I don't know what's available in the UK but I assume you should have a large number of DC forklifts to choose from. You say AC motors are common but are you talking about industrial stationary motors or traction motors? They aren't the same.
Series DC motors won't do regen very well.


----------



## Jordysport (Mar 22, 2009)

JRP3 said:


> I don't know what's available in the UK but I assume you should have a large number of DC forklifts to choose from. You say AC motors are common but are you talking about industrial stationary motors or traction motors? They aren't the same.
> Series DC motors won't do regen very well.


i apolygise, but you are talking to a brick wall here lol, total newbie. 

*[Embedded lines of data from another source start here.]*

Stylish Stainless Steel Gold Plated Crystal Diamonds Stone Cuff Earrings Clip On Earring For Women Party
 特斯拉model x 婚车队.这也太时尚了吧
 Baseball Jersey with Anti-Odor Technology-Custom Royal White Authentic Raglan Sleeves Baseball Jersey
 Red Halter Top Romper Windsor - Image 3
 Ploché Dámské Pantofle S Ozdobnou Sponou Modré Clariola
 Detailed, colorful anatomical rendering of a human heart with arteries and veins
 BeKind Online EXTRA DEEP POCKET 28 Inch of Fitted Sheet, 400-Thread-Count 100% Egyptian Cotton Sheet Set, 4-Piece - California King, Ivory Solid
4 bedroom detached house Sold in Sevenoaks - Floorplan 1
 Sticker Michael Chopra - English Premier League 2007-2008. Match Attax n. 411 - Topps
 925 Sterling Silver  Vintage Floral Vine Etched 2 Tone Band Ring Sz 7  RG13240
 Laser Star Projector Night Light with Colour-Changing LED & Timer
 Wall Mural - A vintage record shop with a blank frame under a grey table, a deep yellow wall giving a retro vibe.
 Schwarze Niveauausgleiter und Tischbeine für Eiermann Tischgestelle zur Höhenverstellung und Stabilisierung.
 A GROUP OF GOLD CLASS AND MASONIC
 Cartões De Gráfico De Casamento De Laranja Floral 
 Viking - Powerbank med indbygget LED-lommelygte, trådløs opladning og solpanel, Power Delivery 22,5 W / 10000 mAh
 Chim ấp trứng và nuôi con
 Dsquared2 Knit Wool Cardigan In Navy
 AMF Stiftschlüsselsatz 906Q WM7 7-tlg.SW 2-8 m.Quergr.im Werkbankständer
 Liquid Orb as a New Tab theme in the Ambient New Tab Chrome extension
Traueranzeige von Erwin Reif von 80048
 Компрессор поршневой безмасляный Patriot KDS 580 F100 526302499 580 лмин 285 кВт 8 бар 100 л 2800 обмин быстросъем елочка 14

found this site the first one i've found for the uk. http://www.everything-ev.com/ 

I am now thinking more on the lines of a Reliant Kitten (Google it) i had 15 of these once so i have lots of parts. and it only weighs 500kg odd. 

So off of that site what power am i looking at?? 

Many Many thanks


----------



## Jordysport (Mar 22, 2009)

OMG,  this place http://www.everything-ev.com/ is only 15 miles from me!!!!


----------



## JRP3 (Mar 7, 2008)

I'm not familiar with the AC motors they are offering, they don't give a lot of specs, such as weight and motor RPMs, but they do mention "low speed vehicles", which concerns me. Here's another UK EV site I had in my bookmarks, not much on the page but they deal with Netgain Warp motors
http://www.go-ev.co.uk/electric.html 
Those are series brushed DC motors with a good reputaion. I'll have to think about what kind of power you'll need and get back to you. For the kind of range you are talking about you'll certainly have to go with lithium batteries, probably at least $8000.00 worth as a quick estimate.


----------



## Jordysport (Mar 22, 2009)

Definate DC route then and 5k is quite alot. will have to alter my design brief i think.

How about:

http://www.everything-ev.com/12v48v...r-p-292:50497bc5a2517210bf0d3596da28ff11.html
http://www.everything-ev.com/24v48v...r-p-429:e185ada08898b8dcbac5b64376939085.html
http://www.everything-ev.com/odysse...y-p-374:e579ae4d94882117267388f4e12872c0.html

Problem is that that will last only 18 mins at 7kw.


----------



## JRP3 (Mar 7, 2008)

Yeah you need to nail down your range and performance criteria before you do much else. Generally I'd say if you need/want much more than 30 miles of range you're going to need to go with lithium. If your vehicle is around 500kg I'd say that Perm motor is too small to last long.


----------



## Jordysport (Mar 22, 2009)

JRP3 said:


> Yeah you need to nail down your range and performance criteria before you do much else. Generally I'd say if you need/want much more than 30 miles of range you're going to need to go with lithium. If your vehicle is around 500kg I'd say that Perm motor is too small to last long.


300kg 
30miles>
60mph 

will sacrifice mph for range. 

Was thinking of mating the motor to a Motorbike gearbox??


----------



## Jordysport (Mar 22, 2009)

using Uve's ive mananged to get 300 miles range at 90 MPH  thats using the aerodynamic properties of the aparta which i plan to do. an the weight is about 550kg using 70Ah batteries and a 20hp motor. 
Is this calculator acurate or is the user at fault.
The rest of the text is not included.